++++ Extracted information ++++
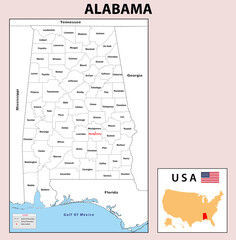 Alabama Map. State and district map of Alabama. Administrative and political map of Alabama with neighboring countries and border in white color.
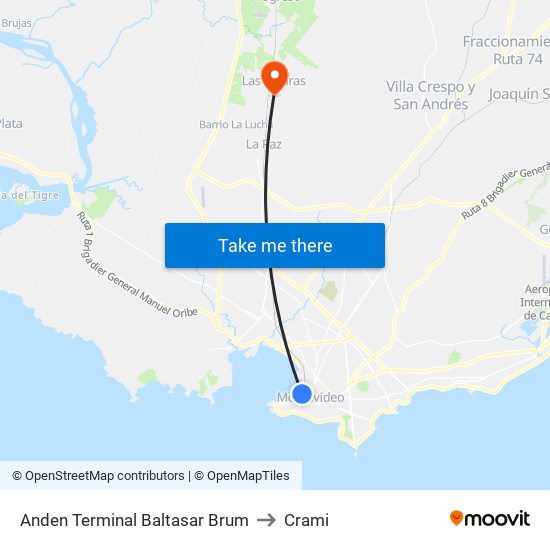 Anden Terminal Baltasar Brum to Crami map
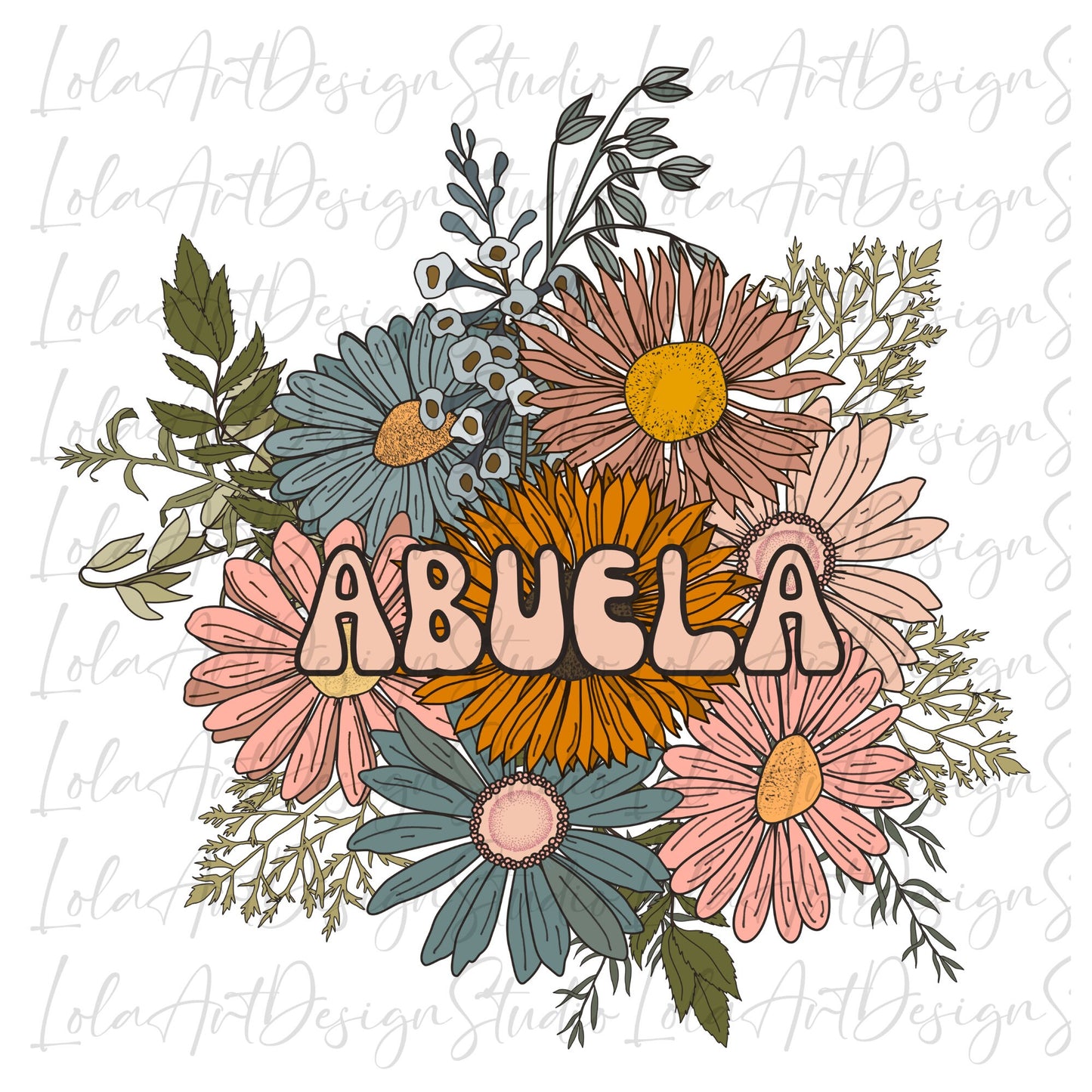 Floral Abuela Png Design File For Sublimation,  Abuela Floral Png, Tshirt Design Mother's Day Gift, Espanol Spanish Grandma Png Sublimation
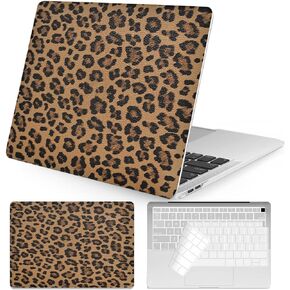Seorsok Compatible with MacBook Air 13 Inch Case 2022 2021 2020-2018 Release A1932 A2179 M1 A2337,Elegant Leopard Grain Leather Plastic Hard Shell Case with Keyboard Cover,Brown in Saudi Arabia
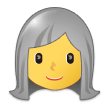 Woman: White Hair Emoji, Samsung style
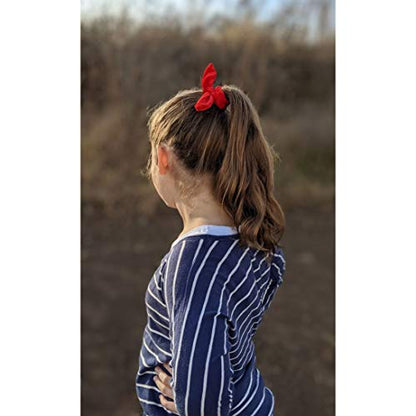 My Lello 4pcs Velvet Bunny Ear Knotted Tail Hair Scrunchies Earth Tones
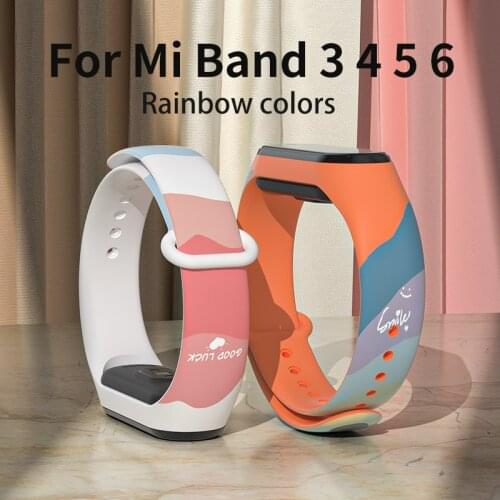 Rainbow Color Strap For Mi band 5 6 Silicone Wristband Bracelet For Xiaomi band 3 4 replacement Band For Amazfit Band 5 Strap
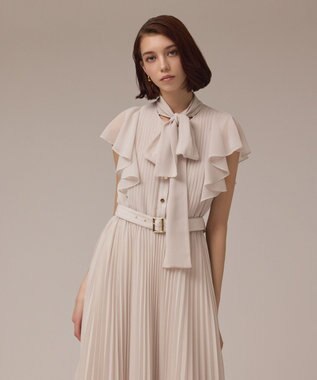 GRACE CONTINENTAL ボウタイプリーツドレス ベージュ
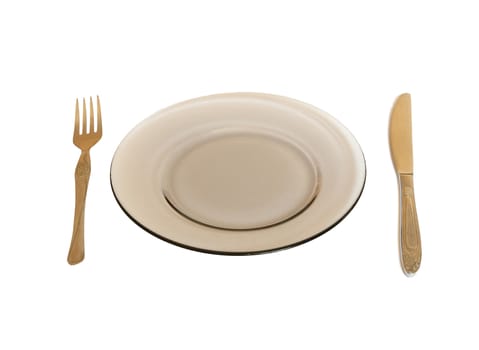 Dinner Plate, Knife, and Fork isolated on white.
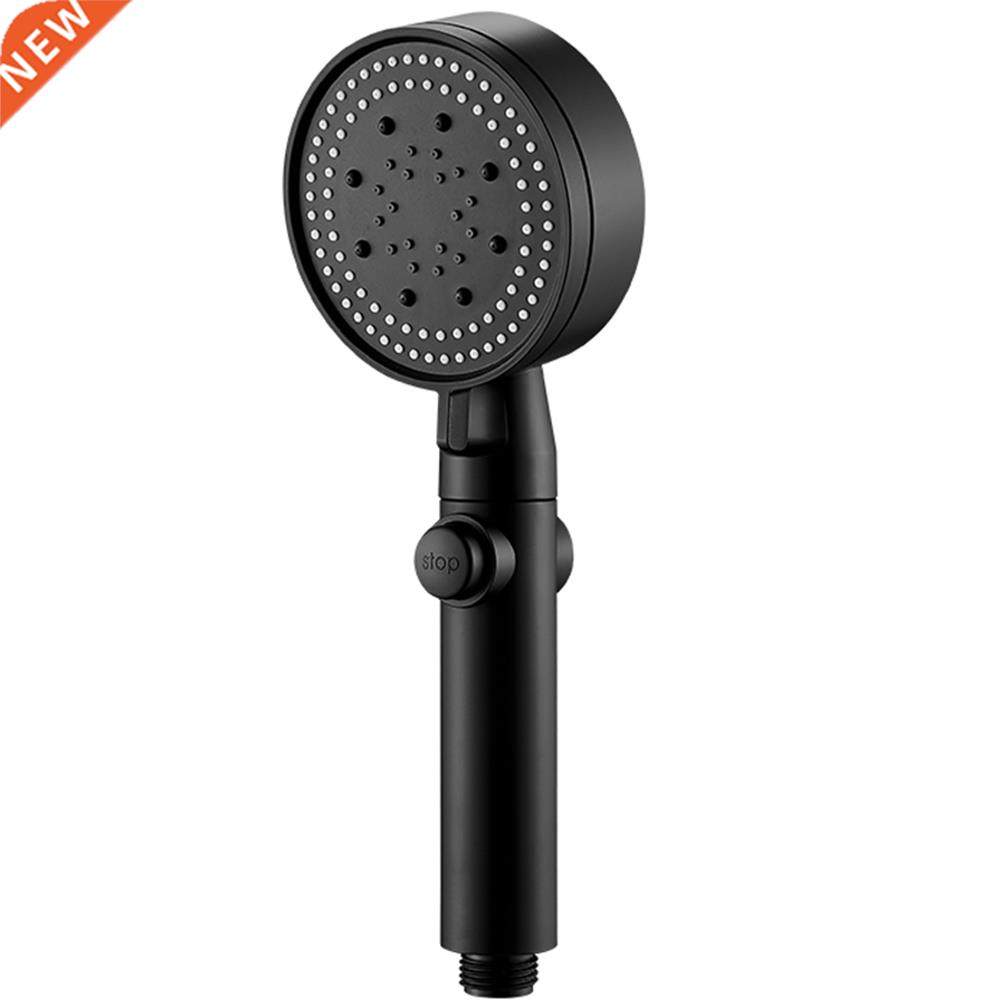 Blck Shower Hed Wter Sving Flow 5-Mode djustble Pressu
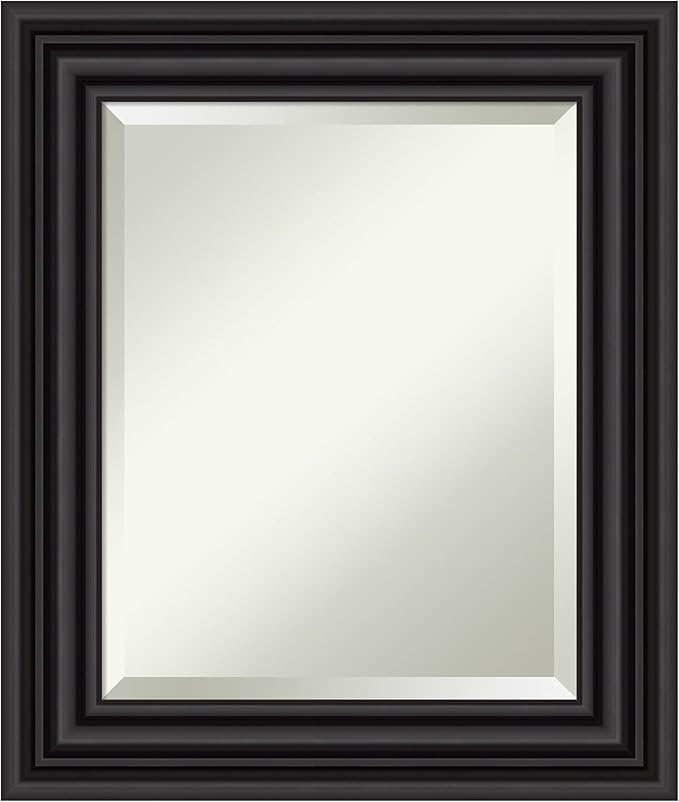 Amanti Art Black Bathroom Mirror for Over Sink, 26x22 Colonial Black Rectangle Vanity Mirror, Small Traditional Frame, Hangs Horizonally and Vertically, Bathroom Wall Decor, Beveled Edge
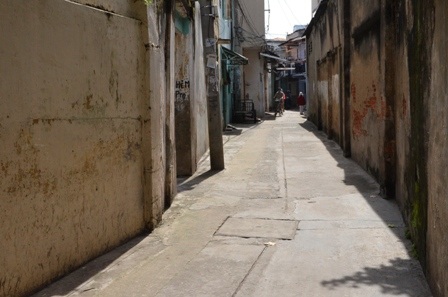 Con hẻm nơi cháu Hà bị tên Quyền đâm nhiều nhát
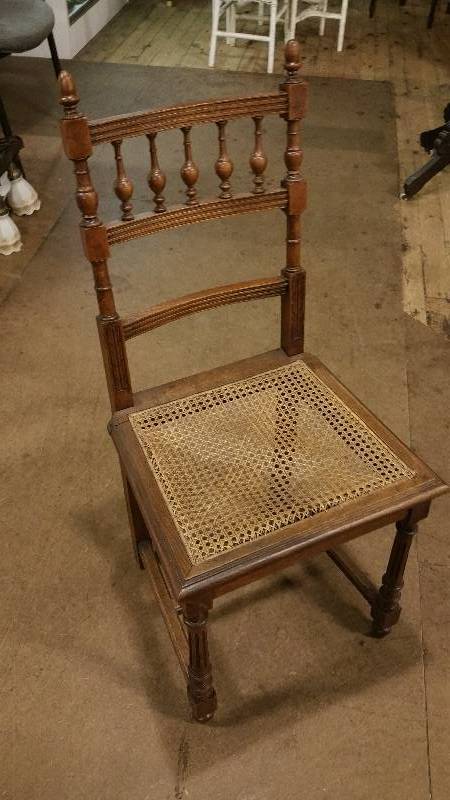 lot 15 image: (4) 1800s English Oak and Cane Chairs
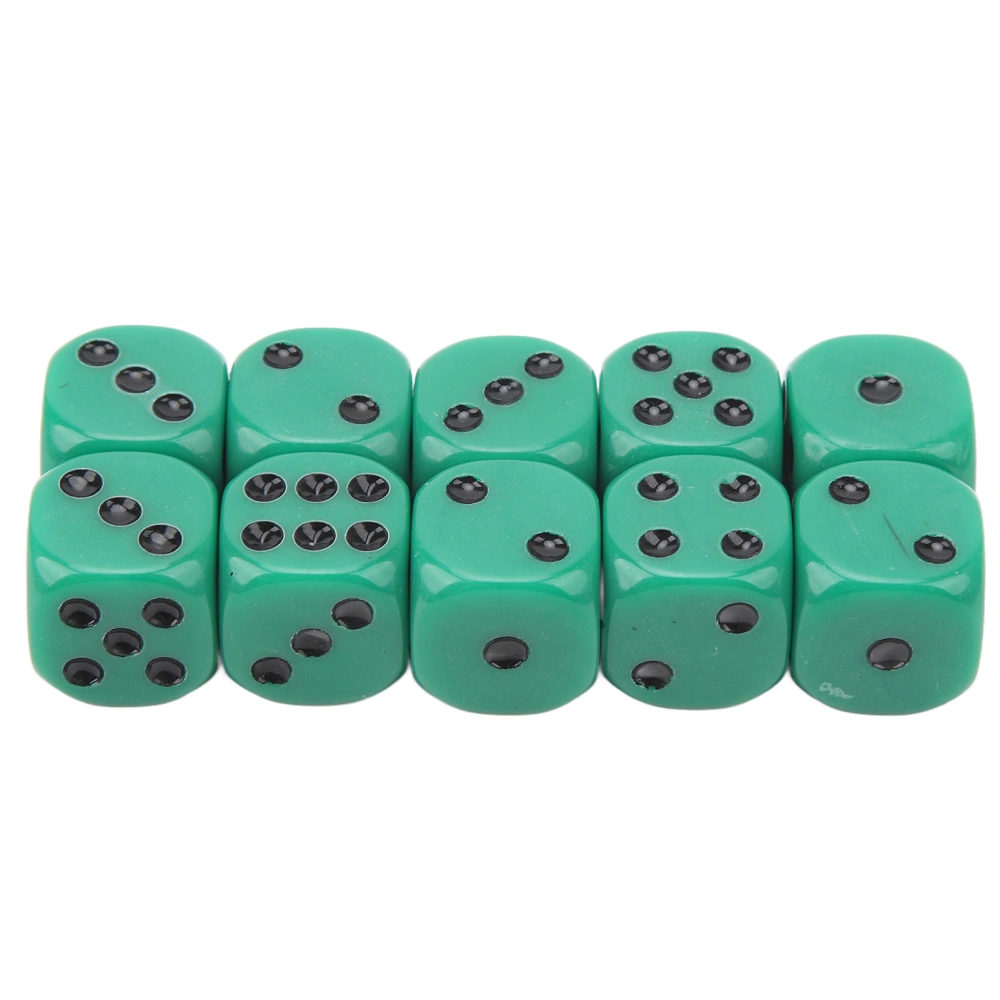 20Pcs 16mm Rounded Corner Dice 6 Sided Game Dice Set for Table Board Games Math Games Green Black Dots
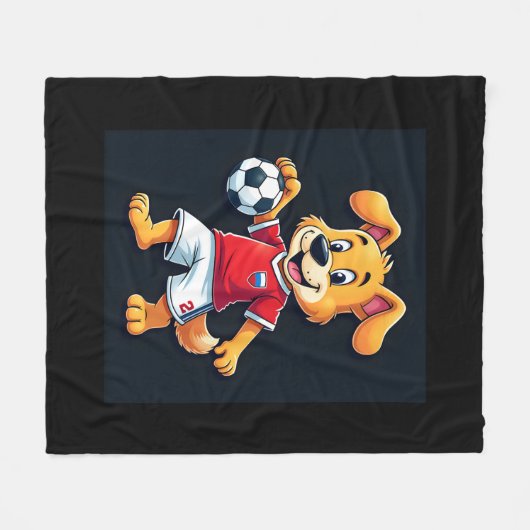 ダブおもしろいビングドッグロシアサッカージャージロシアのーHoge フリースブランケット (正面(横))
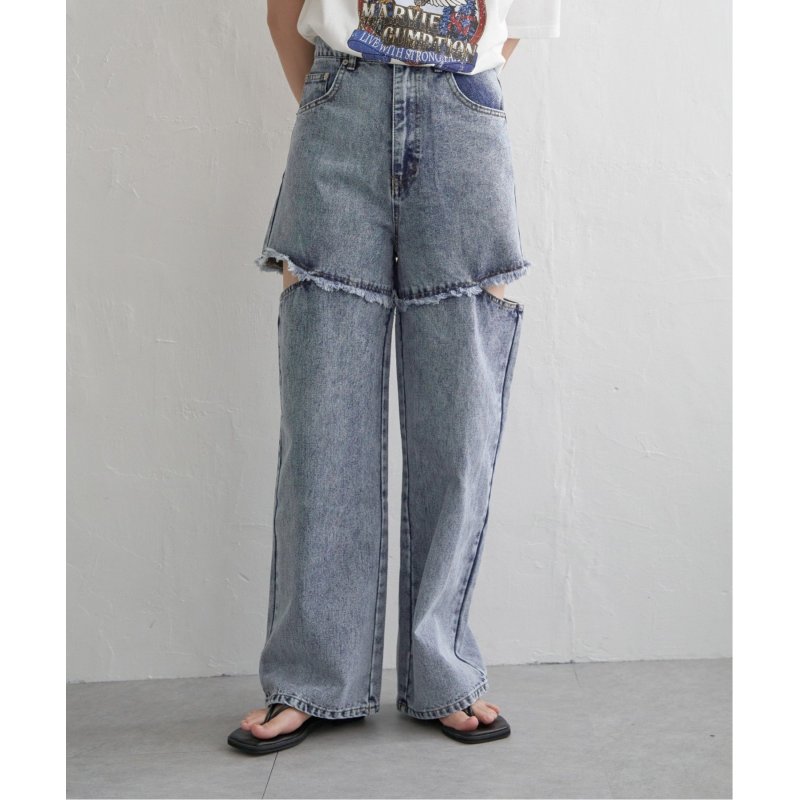 12ozサイドダメージデニムパンツ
++++
* _Directions for this task_:
What you write out is the stretch of entries from the line containing "My Lello 4pcs" to the line containing "GRACE CONTINENTAL ボウタイプリーツドレス ベージュ", word for word, with both end lines and no pictures.

* _The answer_:
 My Lello 4pcs Velvet Bunny Ear Knotted Tail Hair Scrunchies Earth Tones
 Rainbow Color Strap For Mi band 5 6 Silicone Wristband Bracelet For Xiaomi band 3 4 replacement Band For Amazfit Band 5 Strap
 GRACE CONTINENTAL ボウタイプリーツドレス ベージュ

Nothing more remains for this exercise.